:: Source records ::

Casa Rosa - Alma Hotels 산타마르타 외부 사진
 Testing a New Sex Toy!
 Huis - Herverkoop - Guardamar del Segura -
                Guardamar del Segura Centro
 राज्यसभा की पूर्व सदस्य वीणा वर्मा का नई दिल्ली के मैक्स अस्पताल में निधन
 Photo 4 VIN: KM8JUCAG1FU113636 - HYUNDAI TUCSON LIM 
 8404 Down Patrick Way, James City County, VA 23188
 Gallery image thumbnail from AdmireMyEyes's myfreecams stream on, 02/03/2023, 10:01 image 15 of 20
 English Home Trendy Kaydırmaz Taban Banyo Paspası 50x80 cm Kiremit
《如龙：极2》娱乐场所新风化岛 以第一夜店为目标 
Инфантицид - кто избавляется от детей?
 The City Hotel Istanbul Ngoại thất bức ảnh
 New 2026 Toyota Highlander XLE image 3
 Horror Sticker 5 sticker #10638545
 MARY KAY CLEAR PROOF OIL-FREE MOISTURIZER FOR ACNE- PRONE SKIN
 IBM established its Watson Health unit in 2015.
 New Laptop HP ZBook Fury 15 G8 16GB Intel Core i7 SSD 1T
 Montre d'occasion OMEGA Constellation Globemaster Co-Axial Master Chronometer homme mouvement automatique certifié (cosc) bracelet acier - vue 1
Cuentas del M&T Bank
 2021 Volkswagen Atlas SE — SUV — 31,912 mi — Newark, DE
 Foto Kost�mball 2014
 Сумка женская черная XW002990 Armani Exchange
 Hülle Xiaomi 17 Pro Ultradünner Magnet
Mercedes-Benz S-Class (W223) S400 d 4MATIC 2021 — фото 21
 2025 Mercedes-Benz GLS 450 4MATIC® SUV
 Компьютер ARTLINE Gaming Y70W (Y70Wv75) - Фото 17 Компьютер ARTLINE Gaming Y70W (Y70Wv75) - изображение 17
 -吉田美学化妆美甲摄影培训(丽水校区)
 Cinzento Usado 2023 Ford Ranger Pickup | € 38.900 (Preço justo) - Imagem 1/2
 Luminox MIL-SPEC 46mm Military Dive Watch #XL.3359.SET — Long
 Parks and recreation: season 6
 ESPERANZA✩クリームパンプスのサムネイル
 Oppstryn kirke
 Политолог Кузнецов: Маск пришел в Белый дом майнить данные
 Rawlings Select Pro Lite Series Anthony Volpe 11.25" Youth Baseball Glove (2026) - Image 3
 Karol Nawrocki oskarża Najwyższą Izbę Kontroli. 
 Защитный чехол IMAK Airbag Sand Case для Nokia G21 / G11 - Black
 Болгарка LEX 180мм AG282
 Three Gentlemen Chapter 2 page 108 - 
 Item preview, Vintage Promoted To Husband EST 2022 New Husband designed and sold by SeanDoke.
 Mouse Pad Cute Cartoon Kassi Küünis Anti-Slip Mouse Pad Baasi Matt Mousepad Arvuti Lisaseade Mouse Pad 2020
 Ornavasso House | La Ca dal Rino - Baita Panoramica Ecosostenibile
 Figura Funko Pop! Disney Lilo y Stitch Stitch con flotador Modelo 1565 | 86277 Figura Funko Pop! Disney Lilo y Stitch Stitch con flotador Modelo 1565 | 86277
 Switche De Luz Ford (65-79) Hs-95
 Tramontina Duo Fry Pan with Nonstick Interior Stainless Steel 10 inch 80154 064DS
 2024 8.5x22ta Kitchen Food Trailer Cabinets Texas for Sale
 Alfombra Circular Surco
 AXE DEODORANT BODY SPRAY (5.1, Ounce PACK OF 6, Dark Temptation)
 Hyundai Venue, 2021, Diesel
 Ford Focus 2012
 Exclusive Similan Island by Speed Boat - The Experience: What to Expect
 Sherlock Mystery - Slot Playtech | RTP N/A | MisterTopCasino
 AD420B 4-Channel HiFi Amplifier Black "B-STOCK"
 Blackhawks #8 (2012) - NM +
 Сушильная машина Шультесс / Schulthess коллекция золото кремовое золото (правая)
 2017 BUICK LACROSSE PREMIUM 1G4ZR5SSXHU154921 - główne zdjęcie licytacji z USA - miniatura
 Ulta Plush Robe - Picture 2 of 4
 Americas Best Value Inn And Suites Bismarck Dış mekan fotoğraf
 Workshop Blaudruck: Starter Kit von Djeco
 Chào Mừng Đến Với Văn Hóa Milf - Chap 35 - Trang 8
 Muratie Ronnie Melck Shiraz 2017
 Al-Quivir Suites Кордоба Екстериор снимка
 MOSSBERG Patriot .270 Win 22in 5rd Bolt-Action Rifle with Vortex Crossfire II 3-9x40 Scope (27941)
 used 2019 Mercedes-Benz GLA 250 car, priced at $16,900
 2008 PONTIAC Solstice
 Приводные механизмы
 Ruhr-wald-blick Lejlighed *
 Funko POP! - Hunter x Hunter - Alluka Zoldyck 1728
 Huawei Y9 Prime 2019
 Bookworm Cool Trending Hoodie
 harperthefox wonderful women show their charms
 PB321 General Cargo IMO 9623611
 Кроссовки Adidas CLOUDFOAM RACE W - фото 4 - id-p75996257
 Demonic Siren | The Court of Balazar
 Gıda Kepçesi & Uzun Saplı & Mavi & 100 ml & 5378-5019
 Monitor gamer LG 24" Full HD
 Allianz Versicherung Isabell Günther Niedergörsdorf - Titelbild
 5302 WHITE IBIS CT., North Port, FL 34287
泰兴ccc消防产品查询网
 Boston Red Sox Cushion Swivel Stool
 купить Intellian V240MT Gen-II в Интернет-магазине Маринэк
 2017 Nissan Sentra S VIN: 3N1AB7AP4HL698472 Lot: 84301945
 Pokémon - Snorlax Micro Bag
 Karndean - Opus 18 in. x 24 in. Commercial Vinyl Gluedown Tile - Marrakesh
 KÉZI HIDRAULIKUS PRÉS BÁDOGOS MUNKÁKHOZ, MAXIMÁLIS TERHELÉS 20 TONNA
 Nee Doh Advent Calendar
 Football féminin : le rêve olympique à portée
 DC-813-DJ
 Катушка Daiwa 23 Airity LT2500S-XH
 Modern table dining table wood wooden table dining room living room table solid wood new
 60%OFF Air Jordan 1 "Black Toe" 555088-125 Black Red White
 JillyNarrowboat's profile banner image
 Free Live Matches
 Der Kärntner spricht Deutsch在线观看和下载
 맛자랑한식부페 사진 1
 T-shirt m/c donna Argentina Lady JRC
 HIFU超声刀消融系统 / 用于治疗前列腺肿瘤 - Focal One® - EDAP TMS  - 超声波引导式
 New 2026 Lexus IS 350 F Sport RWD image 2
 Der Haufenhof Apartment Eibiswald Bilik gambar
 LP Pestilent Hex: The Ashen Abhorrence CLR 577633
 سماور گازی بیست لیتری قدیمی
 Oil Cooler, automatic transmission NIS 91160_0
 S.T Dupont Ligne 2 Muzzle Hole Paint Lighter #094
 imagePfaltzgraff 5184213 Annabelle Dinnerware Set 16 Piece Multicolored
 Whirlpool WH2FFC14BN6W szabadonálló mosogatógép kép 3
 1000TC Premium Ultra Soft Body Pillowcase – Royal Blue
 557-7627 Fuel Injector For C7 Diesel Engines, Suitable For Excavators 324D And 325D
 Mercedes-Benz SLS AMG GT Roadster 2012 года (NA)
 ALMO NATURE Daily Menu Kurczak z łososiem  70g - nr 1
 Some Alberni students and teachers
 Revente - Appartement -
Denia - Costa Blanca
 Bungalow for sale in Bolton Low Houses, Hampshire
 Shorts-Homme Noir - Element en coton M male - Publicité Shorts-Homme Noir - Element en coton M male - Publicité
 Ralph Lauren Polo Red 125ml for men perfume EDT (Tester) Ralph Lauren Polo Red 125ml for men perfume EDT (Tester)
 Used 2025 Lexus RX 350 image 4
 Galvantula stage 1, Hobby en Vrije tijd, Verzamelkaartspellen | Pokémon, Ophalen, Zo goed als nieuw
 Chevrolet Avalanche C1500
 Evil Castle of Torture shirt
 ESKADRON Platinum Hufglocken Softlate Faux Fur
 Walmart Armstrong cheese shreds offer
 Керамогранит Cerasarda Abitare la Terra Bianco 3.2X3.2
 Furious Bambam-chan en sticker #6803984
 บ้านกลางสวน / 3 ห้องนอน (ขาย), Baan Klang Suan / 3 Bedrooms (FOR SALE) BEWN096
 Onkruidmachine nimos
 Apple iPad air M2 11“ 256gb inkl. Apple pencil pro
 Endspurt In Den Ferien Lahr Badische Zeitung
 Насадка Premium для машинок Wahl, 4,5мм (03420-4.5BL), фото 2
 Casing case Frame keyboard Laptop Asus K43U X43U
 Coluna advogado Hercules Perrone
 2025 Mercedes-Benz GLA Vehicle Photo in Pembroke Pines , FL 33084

:::

__What you should do__: Only the lines above starting with the one with "Testing a New Sex Toy!" and going through the one with "Политолог Кузнецов: Маск" are to be copied, word for word and with both ends kept.

__Solution__:
 Testing a New Sex Toy!
 Huis - Herverkoop - Guardamar del Segura -
                Guardamar del Segura Centro
 राज्यसभा की पूर्व सदस्य वीणा वर्मा का नई दिल्ली के मैक्स अस्पताल में निधन
 Photo 4 VIN: KM8JUCAG1FU113636 - HYUNDAI TUCSON LIM 
 8404 Down Patrick Way, James City County, VA 23188
 Gallery image thumbnail from AdmireMyEyes's myfreecams stream on, 02/03/2023, 10:01 image 15 of 20
 English Home Trendy Kaydırmaz Taban Banyo Paspası 50x80 cm Kiremit
《如龙：极2》娱乐场所新风化岛 以第一夜店为目标 
Инфантицид - кто избавляется от детей?
 The City Hotel Istanbul Ngoại thất bức ảnh
 New 2026 Toyota Highlander XLE image 3
 Horror Sticker 5 sticker #10638545
 MARY KAY CLEAR PROOF OIL-FREE MOISTURIZER FOR ACNE- PRONE SKIN
 IBM established its Watson Health unit in 2015.
 New Laptop HP ZBook Fury 15 G8 16GB Intel Core i7 SSD 1T
 Montre d'occasion OMEGA Constellation Globemaster Co-Axial Master Chronometer homme mouvement automatique certifié (cosc) bracelet acier - vue 1
Cuentas del M&T Bank
 2021 Volkswagen Atlas SE — SUV — 31,912 mi — Newark, DE
 Foto Kost�mball 2014
 Сумка женская черная XW002990 Armani Exchange
 Hülle Xiaomi 17 Pro Ultradünner Magnet
Mercedes-Benz S-Class (W223) S400 d 4MATIC 2021 — фото 21
 2025 Mercedes-Benz GLS 450 4MATIC® SUV
 Компьютер ARTLINE Gaming Y70W (Y70Wv75) - Фото 17 Компьютер ARTLINE Gaming Y70W (Y70Wv75) - изображение 17
 -吉田美学化妆美甲摄影培训(丽水校区)
 Cinzento Usado 2023 Ford Ranger Pickup | € 38.900 (Preço justo) - Imagem 1/2
 Luminox MIL-SPEC 46mm Military Dive Watch #XL.3359.SET — Long
 Parks and recreation: season 6
 ESPERANZA✩クリームパンプスのサムネイル
 Oppstryn kirke
 Политолог Кузнецов: Маск пришел в Белый дом майнить данные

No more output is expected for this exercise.